Work instruction = Word for word, copy out the data below, omitting pictures.

Crawled caption data:

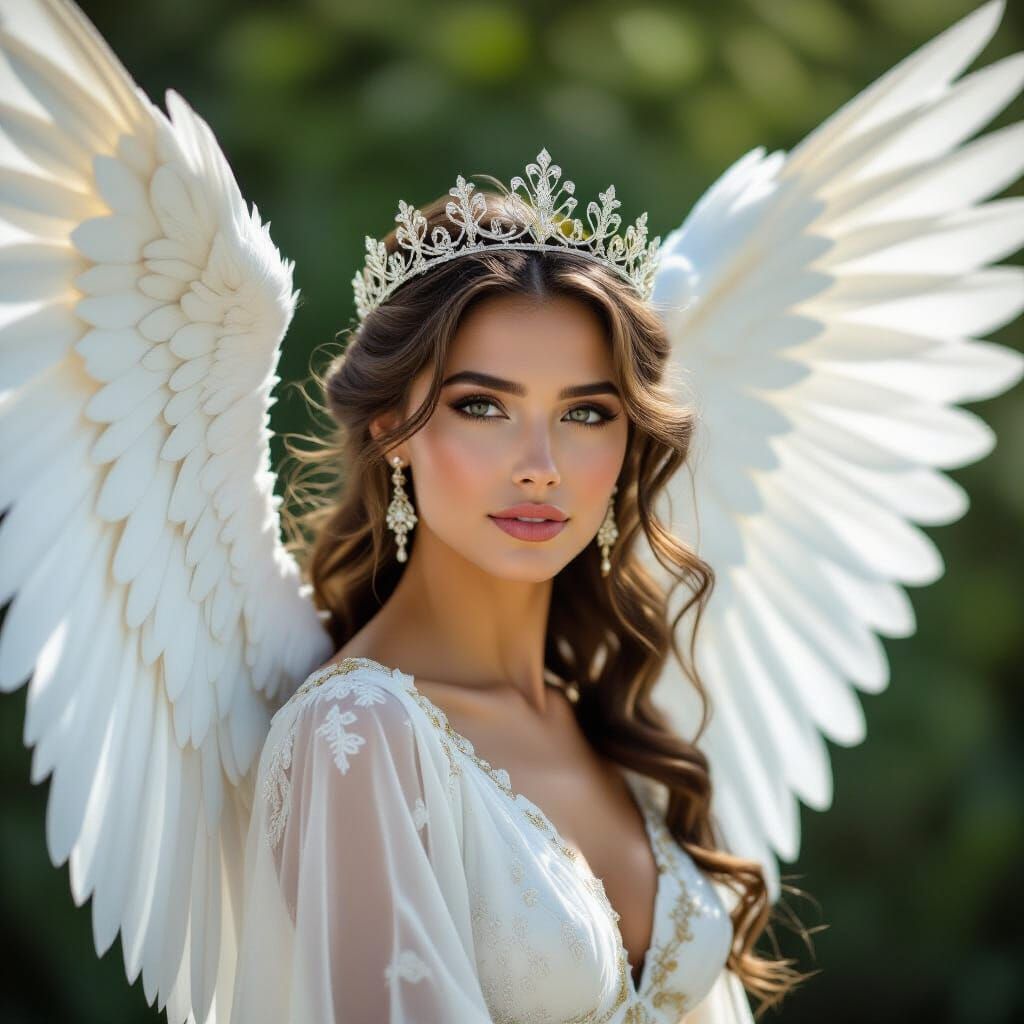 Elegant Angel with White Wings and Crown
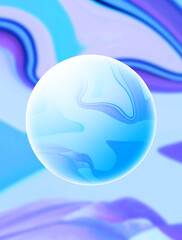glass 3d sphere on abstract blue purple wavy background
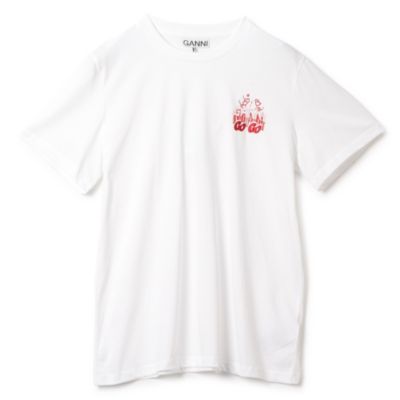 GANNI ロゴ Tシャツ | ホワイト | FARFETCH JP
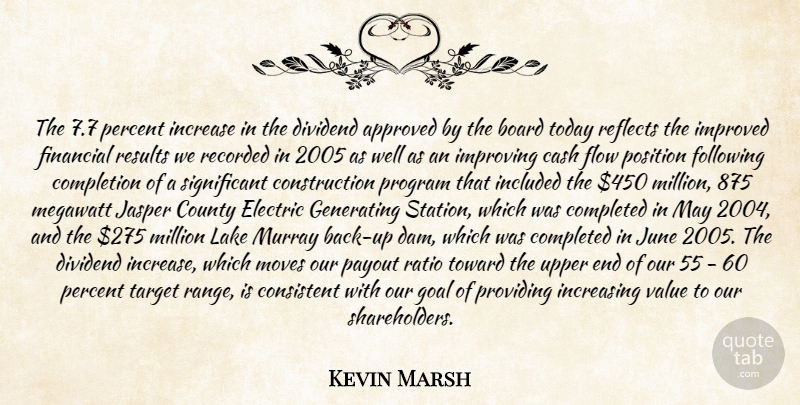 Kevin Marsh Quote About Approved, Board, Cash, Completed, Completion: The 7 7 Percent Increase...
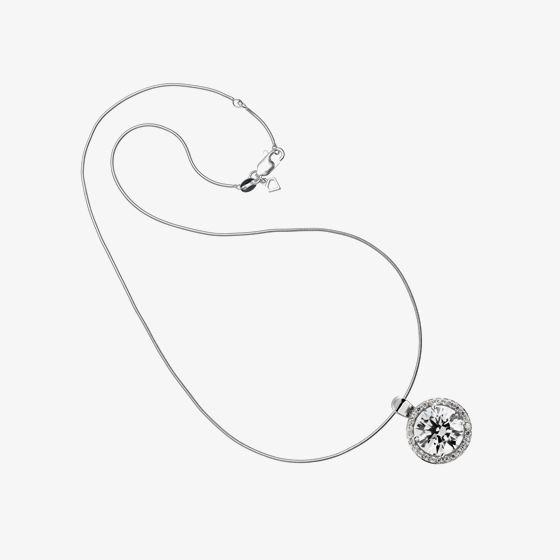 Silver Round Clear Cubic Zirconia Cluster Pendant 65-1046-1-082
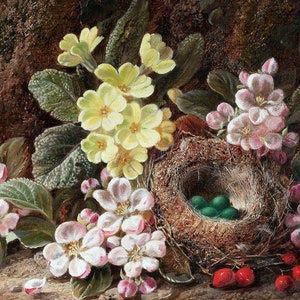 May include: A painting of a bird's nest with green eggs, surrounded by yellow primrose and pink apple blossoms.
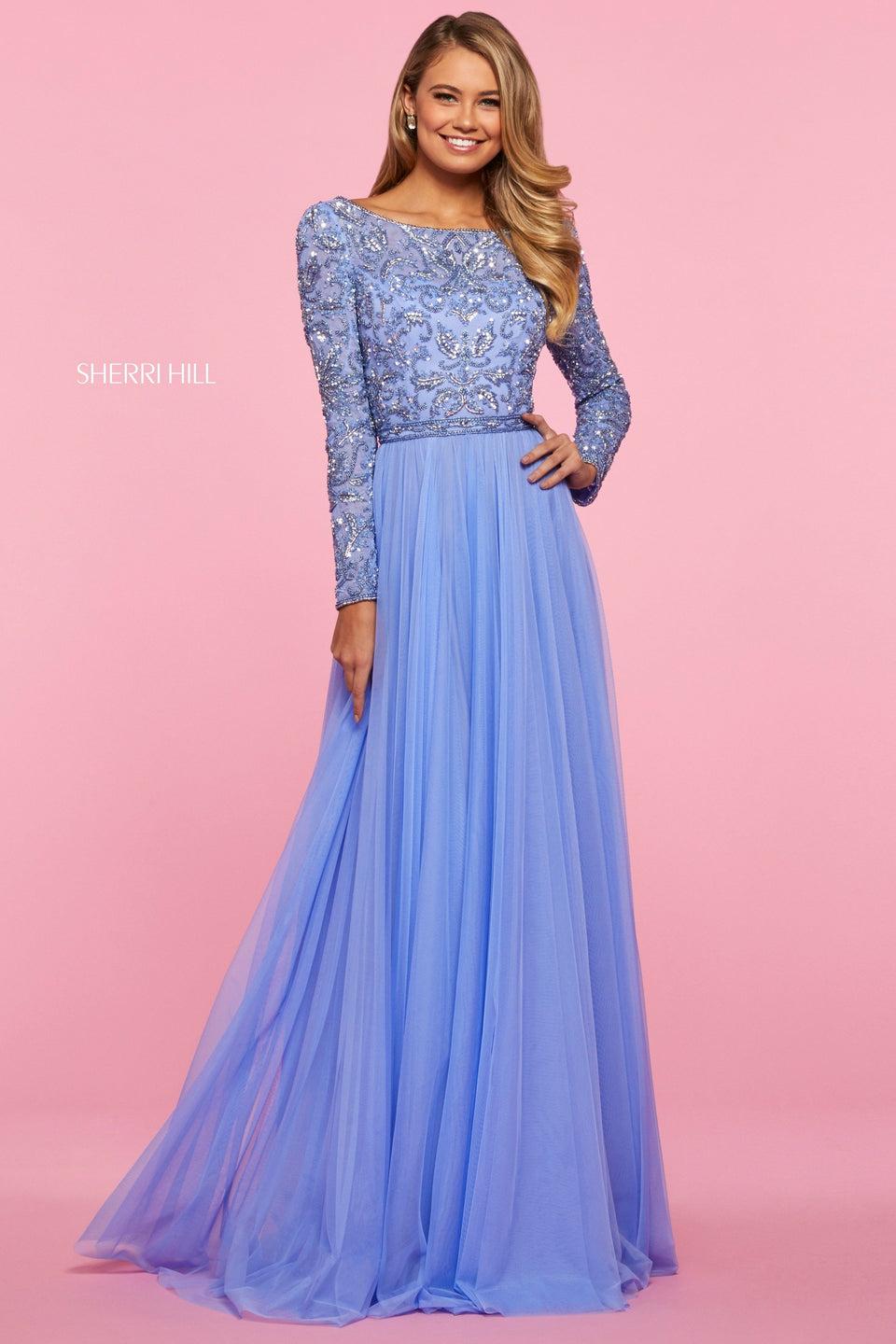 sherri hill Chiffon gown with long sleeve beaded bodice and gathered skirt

Answer space =
 Elegant Angel with White Wings and Crown
glass 3d sphere on abstract blue purple wavy background
 GANNI ロゴ Tシャツ | ホワイト | FARFETCH JP
 Kevin Marsh Quote About Approved, Board, Cash, Completed, Completion: The 7 7 Percent Increase...
 Silver Round Clear Cubic Zirconia Cluster Pendant 65-1046-1-082
 May include: A painting of a bird's nest with green eggs, surrounded by yellow primrose and pink apple blossoms.
 sherri hill Chiffon gown with long sleeve beaded bodice and gathered skirt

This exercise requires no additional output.